Data extract »
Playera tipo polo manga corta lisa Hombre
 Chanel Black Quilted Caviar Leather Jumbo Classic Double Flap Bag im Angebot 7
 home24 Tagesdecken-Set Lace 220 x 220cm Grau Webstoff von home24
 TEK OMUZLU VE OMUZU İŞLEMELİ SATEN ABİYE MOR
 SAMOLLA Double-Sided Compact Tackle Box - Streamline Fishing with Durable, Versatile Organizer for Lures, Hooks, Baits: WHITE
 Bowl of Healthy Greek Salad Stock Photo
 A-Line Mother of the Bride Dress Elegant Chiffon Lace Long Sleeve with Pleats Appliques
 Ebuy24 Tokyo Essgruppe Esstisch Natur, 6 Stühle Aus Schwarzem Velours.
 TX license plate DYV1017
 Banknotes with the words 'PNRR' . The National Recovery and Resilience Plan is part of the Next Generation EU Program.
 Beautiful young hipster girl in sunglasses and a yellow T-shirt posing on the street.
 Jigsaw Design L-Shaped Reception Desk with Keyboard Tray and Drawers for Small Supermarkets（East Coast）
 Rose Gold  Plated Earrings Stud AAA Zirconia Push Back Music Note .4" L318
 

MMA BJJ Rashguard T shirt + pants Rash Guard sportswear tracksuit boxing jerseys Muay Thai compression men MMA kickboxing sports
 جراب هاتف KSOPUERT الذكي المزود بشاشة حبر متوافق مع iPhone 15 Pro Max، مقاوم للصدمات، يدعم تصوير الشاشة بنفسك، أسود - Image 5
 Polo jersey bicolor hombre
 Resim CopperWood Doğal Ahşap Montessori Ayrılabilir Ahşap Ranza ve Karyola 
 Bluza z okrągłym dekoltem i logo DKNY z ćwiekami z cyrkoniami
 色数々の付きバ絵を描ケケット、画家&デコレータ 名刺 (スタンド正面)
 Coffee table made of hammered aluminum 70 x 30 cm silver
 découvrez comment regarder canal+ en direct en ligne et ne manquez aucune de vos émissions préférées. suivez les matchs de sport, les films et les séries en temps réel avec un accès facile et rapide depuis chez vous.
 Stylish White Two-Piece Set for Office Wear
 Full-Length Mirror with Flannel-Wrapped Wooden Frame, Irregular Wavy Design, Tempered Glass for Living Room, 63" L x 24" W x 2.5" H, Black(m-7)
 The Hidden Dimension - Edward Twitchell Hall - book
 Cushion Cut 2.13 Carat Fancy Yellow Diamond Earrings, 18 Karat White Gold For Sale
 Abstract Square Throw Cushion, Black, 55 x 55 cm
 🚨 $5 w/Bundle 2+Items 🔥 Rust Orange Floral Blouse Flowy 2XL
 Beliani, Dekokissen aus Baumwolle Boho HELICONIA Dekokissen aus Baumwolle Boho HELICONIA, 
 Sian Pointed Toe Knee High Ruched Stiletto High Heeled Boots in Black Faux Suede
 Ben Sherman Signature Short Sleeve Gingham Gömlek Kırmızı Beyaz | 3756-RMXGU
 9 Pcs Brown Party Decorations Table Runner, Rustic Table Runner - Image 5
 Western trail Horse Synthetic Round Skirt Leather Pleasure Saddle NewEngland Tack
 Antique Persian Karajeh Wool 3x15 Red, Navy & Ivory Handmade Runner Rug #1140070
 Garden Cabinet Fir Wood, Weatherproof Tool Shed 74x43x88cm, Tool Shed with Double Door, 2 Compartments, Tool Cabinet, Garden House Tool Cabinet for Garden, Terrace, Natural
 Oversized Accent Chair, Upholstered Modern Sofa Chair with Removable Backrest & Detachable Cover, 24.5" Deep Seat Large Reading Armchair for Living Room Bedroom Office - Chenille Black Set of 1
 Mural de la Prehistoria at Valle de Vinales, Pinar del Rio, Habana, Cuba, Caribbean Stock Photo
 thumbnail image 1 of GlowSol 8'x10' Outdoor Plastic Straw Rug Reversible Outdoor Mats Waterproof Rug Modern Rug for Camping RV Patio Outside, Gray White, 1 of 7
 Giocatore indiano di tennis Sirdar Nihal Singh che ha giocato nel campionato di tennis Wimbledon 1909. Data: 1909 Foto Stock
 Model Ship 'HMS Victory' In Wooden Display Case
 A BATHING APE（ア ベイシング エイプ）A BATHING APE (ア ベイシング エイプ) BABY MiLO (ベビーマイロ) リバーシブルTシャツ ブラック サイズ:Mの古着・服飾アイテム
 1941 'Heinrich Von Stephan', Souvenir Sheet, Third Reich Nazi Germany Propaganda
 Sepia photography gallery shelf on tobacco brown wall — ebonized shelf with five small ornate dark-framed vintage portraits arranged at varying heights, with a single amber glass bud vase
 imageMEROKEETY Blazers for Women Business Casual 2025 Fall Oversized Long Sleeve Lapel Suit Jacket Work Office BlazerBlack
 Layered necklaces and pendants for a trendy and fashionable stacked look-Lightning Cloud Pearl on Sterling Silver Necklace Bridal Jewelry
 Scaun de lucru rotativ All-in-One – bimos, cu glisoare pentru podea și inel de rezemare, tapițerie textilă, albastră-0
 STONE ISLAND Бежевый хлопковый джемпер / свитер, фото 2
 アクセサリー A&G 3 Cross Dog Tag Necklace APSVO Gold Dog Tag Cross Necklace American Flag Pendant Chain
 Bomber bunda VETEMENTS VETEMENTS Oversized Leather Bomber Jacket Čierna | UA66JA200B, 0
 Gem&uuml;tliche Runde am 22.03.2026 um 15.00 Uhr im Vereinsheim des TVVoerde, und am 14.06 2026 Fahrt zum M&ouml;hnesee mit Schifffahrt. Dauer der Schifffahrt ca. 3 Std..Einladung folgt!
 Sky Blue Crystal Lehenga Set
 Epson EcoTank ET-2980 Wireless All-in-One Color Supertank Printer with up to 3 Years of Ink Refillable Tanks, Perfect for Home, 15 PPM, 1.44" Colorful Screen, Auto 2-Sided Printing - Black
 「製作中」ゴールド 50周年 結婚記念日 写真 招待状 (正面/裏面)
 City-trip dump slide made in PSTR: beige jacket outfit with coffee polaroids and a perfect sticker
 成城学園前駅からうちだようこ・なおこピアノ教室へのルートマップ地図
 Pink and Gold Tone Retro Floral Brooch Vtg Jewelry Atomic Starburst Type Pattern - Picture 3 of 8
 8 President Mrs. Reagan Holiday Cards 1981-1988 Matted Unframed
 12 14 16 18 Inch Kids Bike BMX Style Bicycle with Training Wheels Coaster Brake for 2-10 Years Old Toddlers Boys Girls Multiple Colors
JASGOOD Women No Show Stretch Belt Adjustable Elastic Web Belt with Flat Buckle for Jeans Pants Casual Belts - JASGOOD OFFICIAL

Task brief » Return every entry exactly; no line may be missing.

Task response »
Playera tipo polo manga corta lisa Hombre
 Chanel Black Quilted Caviar Leather Jumbo Classic Double Flap Bag im Angebot 7
 home24 Tagesdecken-Set Lace 220 x 220cm Grau Webstoff von home24
 TEK OMUZLU VE OMUZU İŞLEMELİ SATEN ABİYE MOR
 SAMOLLA Double-Sided Compact Tackle Box - Streamline Fishing with Durable, Versatile Organizer for Lures, Hooks, Baits: WHITE
 Bowl of Healthy Greek Salad Stock Photo
 A-Line Mother of the Bride Dress Elegant Chiffon Lace Long Sleeve with Pleats Appliques
 Ebuy24 Tokyo Essgruppe Esstisch Natur, 6 Stühle Aus Schwarzem Velours.
 TX license plate DYV1017
 Banknotes with the words 'PNRR' . The National Recovery and Resilience Plan is part of the Next Generation EU Program.
 Beautiful young hipster girl in sunglasses and a yellow T-shirt posing on the street.
 Jigsaw Design L-Shaped Reception Desk with Keyboard Tray and Drawers for Small Supermarkets（East Coast）
 Rose Gold  Plated Earrings Stud AAA Zirconia Push Back Music Note .4" L318
 

MMA BJJ Rashguard T shirt + pants Rash Guard sportswear tracksuit boxing jerseys Muay Thai compression men MMA kickboxing sports
 جراب هاتف KSOPUERT الذكي المزود بشاشة حبر متوافق مع iPhone 15 Pro Max، مقاوم للصدمات، يدعم تصوير الشاشة بنفسك، أسود - Image 5
 Polo jersey bicolor hombre
 Resim CopperWood Doğal Ahşap Montessori Ayrılabilir Ahşap Ranza ve Karyola 
 Bluza z okrągłym dekoltem i logo DKNY z ćwiekami z cyrkoniami
 色数々の付きバ絵を描ケケット、画家&デコレータ 名刺 (スタンド正面)
 Coffee table made of hammered aluminum 70 x 30 cm silver
 découvrez comment regarder canal+ en direct en ligne et ne manquez aucune de vos émissions préférées. suivez les matchs de sport, les films et les séries en temps réel avec un accès facile et rapide depuis chez vous.
 Stylish White Two-Piece Set for Office Wear
 Full-Length Mirror with Flannel-Wrapped Wooden Frame, Irregular Wavy Design, Tempered Glass for Living Room, 63" L x 24" W x 2.5" H, Black(m-7)
 The Hidden Dimension - Edward Twitchell Hall - book
 Cushion Cut 2.13 Carat Fancy Yellow Diamond Earrings, 18 Karat White Gold For Sale
 Abstract Square Throw Cushion, Black, 55 x 55 cm
 🚨 $5 w/Bundle 2+Items 🔥 Rust Orange Floral Blouse Flowy 2XL
 Beliani, Dekokissen aus Baumwolle Boho HELICONIA Dekokissen aus Baumwolle Boho HELICONIA, 
 Sian Pointed Toe Knee High Ruched Stiletto High Heeled Boots in Black Faux Suede
 Ben Sherman Signature Short Sleeve Gingham Gömlek Kırmızı Beyaz | 3756-RMXGU
 9 Pcs Brown Party Decorations Table Runner, Rustic Table Runner - Image 5
 Western trail Horse Synthetic Round Skirt Leather Pleasure Saddle NewEngland Tack
 Antique Persian Karajeh Wool 3x15 Red, Navy & Ivory Handmade Runner Rug #1140070
 Garden Cabinet Fir Wood, Weatherproof Tool Shed 74x43x88cm, Tool Shed with Double Door, 2 Compartments, Tool Cabinet, Garden House Tool Cabinet for Garden, Terrace, Natural
 Oversized Accent Chair, Upholstered Modern Sofa Chair with Removable Backrest & Detachable Cover, 24.5" Deep Seat Large Reading Armchair for Living Room Bedroom Office - Chenille Black Set of 1
 Mural de la Prehistoria at Valle de Vinales, Pinar del Rio, Habana, Cuba, Caribbean Stock Photo
 thumbnail image 1 of GlowSol 8'x10' Outdoor Plastic Straw Rug Reversible Outdoor Mats Waterproof Rug Modern Rug for Camping RV Patio Outside, Gray White, 1 of 7
 Giocatore indiano di tennis Sirdar Nihal Singh che ha giocato nel campionato di tennis Wimbledon 1909. Data: 1909 Foto Stock
 Model Ship 'HMS Victory' In Wooden Display Case
 A BATHING APE（ア ベイシング エイプ）A BATHING APE (ア ベイシング エイプ) BABY MiLO (ベビーマイロ) リバーシブルTシャツ ブラック サイズ:Mの古着・服飾アイテム
 1941 'Heinrich Von Stephan', Souvenir Sheet, Third Reich Nazi Germany Propaganda
 Sepia photography gallery shelf on tobacco brown wall — ebonized shelf with five small ornate dark-framed vintage portraits arranged at varying heights, with a single amber glass bud vase
 imageMEROKEETY Blazers for Women Business Casual 2025 Fall Oversized Long Sleeve Lapel Suit Jacket Work Office BlazerBlack
 Layered necklaces and pendants for a trendy and fashionable stacked look-Lightning Cloud Pearl on Sterling Silver Necklace Bridal Jewelry
 Scaun de lucru rotativ All-in-One – bimos, cu glisoare pentru podea și inel de rezemare, tapițerie textilă, albastră-0
 STONE ISLAND Бежевый хлопковый джемпер / свитер, фото 2
 アクセサリー A&G 3 Cross Dog Tag Necklace APSVO Gold Dog Tag Cross Necklace American Flag Pendant Chain
 Bomber bunda VETEMENTS VETEMENTS Oversized Leather Bomber Jacket Čierna | UA66JA200B, 0
 Gem&uuml;tliche Runde am 22.03.2026 um 15.00 Uhr im Vereinsheim des TVVoerde, und am 14.06 2026 Fahrt zum M&ouml;hnesee mit Schifffahrt. Dauer der Schifffahrt ca. 3 Std..Einladung folgt!
 Sky Blue Crystal Lehenga Set
 Epson EcoTank ET-2980 Wireless All-in-One Color Supertank Printer with up to 3 Years of Ink Refillable Tanks, Perfect for Home, 15 PPM, 1.44" Colorful Screen, Auto 2-Sided Printing - Black
 「製作中」ゴールド 50周年 結婚記念日 写真 招待状 (正面/裏面)
 City-trip dump slide made in PSTR: beige jacket outfit with coffee polaroids and a perfect sticker
 成城学園前駅からうちだようこ・なおこピアノ教室へのルートマップ地図
 Pink and Gold Tone Retro Floral Brooch Vtg Jewelry Atomic Starburst Type Pattern - Picture 3 of 8
 8 President Mrs. Reagan Holiday Cards 1981-1988 Matted Unframed
 12 14 16 18 Inch Kids Bike BMX Style Bicycle with Training Wheels Coaster Brake for 2-10 Years Old Toddlers Boys Girls Multiple Colors
JASGOOD Women No Show Stretch Belt Adjustable Elastic Web Belt with Flat Buckle for Jeans Pants Casual Belts - JASGOOD OFFICIAL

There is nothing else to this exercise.